Thornton tearing things up. Beilein and Calipari were jowl to jowl watching Derryck Thornton, and they were treated to a show:
(Thornton) picked up right where he left off after standing out at the Steph Curry Camp to start the month. Thornton was a true floor general, in complete control every time he stepped on the court and able to impact the game in a variety of different ways. He handles the ball on a string and excels at making a variety of different reads off the pick and roll. He holds his dribble going through the lane as well as anyone in the field, just waiting on the defense to break down and reveal open receivers. He even shot the ball well here, making a series of pull-ups as well as rhythm 3s. Thornton took unofficial visits to both Kentucky and Michigan last month and was followed by both Kentucky’s John Calipari and Michigan’s John Beilein here.
Thornton's done taking visits this summer after heading to Michigan and Kentucky, both of which he plans on visiting again this fall. It appears this is a head to head battle.
Adapting to reality. Mark Richt is adapting to life in the fast lane.
"One of the big things for us is football is now becoming a very high up-tempo game,” UGA coach Mark Richt explained recently. “It used to be 30, 40 seconds between a play. Now it could be as short as 10-to-18 seconds between plays. So you’re exerting and then resting for a short period of time. So now, even in the weight room, we want to go hard, rest a short time, then go ahead. A quicker recovery time. We’re not going to run the longer distances anymore. We’re going to run the shorter distance.”

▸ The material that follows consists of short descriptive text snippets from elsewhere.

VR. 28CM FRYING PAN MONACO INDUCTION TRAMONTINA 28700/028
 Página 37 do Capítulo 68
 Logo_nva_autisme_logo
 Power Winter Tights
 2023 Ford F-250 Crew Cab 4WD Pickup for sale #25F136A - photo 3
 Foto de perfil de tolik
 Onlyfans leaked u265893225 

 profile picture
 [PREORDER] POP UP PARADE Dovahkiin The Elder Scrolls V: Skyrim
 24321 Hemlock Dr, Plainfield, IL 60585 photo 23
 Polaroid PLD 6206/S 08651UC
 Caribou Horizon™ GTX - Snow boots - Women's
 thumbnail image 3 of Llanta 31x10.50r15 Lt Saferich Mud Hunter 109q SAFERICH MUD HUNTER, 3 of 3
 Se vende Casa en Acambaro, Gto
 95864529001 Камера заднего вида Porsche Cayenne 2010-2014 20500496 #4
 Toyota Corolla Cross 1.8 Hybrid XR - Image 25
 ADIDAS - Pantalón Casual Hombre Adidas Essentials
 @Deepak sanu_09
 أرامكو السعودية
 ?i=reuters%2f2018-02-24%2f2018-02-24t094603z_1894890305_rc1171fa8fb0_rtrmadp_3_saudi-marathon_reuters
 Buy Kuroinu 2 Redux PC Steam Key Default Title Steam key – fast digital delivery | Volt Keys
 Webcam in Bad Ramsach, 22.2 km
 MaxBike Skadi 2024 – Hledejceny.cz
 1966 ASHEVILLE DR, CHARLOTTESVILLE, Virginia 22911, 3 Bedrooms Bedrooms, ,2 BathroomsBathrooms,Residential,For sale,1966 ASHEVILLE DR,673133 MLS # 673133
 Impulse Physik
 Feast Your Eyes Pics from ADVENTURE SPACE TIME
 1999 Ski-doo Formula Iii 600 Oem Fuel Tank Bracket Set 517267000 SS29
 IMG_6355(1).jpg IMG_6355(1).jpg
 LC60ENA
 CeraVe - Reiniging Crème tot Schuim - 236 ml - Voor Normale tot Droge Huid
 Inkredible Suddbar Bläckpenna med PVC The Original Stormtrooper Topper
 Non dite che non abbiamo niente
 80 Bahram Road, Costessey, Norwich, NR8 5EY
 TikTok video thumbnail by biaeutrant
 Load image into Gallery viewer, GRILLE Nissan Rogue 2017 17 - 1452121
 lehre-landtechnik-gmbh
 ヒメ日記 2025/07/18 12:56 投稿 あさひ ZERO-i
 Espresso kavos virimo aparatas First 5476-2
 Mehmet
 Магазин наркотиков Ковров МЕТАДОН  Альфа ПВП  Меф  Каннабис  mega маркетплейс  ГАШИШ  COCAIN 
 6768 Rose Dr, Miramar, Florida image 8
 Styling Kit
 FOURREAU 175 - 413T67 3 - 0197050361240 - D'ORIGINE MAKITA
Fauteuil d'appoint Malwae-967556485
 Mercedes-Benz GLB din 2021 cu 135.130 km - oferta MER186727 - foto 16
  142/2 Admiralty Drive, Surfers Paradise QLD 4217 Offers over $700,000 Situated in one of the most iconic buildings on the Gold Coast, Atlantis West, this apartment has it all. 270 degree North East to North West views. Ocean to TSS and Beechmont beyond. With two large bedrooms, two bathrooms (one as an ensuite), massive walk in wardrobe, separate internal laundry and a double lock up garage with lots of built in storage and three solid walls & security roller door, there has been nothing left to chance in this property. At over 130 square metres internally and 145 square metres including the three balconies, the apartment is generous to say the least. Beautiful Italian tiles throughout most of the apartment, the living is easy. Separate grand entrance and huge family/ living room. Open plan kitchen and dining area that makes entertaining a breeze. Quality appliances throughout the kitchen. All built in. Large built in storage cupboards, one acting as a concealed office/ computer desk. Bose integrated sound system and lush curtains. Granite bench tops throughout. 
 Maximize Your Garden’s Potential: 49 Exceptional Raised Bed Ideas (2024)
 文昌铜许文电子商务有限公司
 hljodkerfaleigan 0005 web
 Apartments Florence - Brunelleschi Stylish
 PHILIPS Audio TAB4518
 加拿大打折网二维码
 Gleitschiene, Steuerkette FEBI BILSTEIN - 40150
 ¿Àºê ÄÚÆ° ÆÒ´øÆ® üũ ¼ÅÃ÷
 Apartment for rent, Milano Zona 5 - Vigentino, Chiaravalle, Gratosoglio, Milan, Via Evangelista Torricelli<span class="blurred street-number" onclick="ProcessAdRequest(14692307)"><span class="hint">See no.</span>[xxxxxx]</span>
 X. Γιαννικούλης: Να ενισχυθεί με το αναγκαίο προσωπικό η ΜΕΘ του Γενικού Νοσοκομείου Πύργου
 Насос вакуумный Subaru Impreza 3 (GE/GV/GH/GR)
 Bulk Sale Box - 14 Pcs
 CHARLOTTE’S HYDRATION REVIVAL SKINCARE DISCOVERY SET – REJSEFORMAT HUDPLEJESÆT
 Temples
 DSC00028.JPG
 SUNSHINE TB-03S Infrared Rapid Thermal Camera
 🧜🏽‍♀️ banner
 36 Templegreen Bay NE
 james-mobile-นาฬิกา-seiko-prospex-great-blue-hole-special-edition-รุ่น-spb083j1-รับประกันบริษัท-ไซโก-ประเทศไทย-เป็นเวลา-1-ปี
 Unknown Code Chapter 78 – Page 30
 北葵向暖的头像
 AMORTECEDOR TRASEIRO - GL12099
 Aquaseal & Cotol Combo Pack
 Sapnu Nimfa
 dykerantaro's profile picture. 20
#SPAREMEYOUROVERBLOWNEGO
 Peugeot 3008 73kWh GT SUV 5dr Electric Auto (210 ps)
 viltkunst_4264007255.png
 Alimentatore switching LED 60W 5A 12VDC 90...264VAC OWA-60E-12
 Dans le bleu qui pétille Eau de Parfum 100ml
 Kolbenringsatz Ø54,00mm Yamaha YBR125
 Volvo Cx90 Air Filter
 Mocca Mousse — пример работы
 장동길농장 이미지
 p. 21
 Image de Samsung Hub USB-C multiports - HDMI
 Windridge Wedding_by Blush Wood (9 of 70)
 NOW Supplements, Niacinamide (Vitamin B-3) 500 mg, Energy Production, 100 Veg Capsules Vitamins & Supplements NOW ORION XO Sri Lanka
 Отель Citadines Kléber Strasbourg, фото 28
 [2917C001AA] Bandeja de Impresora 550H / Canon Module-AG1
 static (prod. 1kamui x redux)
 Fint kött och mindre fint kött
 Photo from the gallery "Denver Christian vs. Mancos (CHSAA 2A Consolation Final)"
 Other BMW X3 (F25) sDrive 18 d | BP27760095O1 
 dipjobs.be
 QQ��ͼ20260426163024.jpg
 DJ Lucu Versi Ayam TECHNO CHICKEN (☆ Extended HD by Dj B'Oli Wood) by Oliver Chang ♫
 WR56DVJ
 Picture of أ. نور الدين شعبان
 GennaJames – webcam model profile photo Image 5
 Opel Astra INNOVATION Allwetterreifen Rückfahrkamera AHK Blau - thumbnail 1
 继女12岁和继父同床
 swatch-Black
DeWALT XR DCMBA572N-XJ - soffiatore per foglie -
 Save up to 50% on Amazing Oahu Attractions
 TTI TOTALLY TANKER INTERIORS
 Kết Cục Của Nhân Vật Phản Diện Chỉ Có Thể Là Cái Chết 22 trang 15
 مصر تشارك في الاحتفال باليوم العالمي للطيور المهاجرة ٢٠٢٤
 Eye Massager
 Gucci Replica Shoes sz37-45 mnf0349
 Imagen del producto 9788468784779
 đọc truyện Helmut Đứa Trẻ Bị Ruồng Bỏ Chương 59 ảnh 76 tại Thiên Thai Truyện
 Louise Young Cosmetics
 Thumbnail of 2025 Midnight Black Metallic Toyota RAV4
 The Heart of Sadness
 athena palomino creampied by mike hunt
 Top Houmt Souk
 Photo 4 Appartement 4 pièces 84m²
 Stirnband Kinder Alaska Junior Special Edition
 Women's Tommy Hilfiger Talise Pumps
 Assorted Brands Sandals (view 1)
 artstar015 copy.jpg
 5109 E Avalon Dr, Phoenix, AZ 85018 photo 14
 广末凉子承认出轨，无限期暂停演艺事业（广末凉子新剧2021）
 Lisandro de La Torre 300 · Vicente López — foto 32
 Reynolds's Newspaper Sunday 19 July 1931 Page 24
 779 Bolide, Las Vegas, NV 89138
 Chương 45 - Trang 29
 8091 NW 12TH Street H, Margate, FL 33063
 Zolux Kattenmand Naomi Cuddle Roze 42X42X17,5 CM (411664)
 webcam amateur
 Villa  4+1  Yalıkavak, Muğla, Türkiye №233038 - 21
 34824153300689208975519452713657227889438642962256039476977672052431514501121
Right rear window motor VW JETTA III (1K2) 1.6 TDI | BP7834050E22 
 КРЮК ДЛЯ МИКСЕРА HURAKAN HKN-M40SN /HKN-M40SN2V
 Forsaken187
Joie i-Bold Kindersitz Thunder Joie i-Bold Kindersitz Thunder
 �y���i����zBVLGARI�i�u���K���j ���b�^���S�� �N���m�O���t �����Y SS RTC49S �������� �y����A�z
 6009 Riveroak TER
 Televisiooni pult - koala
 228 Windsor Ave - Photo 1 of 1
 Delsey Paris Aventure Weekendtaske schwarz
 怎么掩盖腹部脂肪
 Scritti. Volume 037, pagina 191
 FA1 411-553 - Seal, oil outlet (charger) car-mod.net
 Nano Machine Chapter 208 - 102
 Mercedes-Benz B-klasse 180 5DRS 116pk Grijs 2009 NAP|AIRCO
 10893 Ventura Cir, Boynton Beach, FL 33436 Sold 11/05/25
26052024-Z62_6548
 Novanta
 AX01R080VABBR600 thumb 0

After last year's Indiana game, I'm hoping there's some sort of similar soul searching within the Michigan program. You'd figure so, but… if anyone was going to not give it as much time as they should it would be Michigan. They've been just so, so bad with anything related to tempo under Hoke, whether it's defending it or trying to go fast themselves.
Just read that again. Think back 6 years. Now read it one more time.
We'll lose but it's nice to be in the conversation.
Yes times have improved in that we're hearing Michigan and Kentucky in the same breath, but I agree. I still default to feeling we'll never sign the kid as soon as we go up against a Kentucky/Duke/UNC.
I like but hate when Michigan is in a recruiting battle against Kentucky in basketball and Alabama in football. I get my hopes up, only to play debbie downer when I think of the past battles.
Well, we did snatch Henry Poggi from Saban's grasp and IIRC that's the only head-to-head battle we've really had with them recently.
Two words: Trey Burke.
Yes Kentucky is the blue blood but Michigan has proven to be something of a PG U. I think we have a legit shot especially for this position due to recent success.
Man, fuck Kentucky.
... except when it comes to:
(At least I believe this constitutes tempo)
Of course, if we were any good at tempo / 2 minute drill, that sequence would not have been necessary. And we may have beaten PSU.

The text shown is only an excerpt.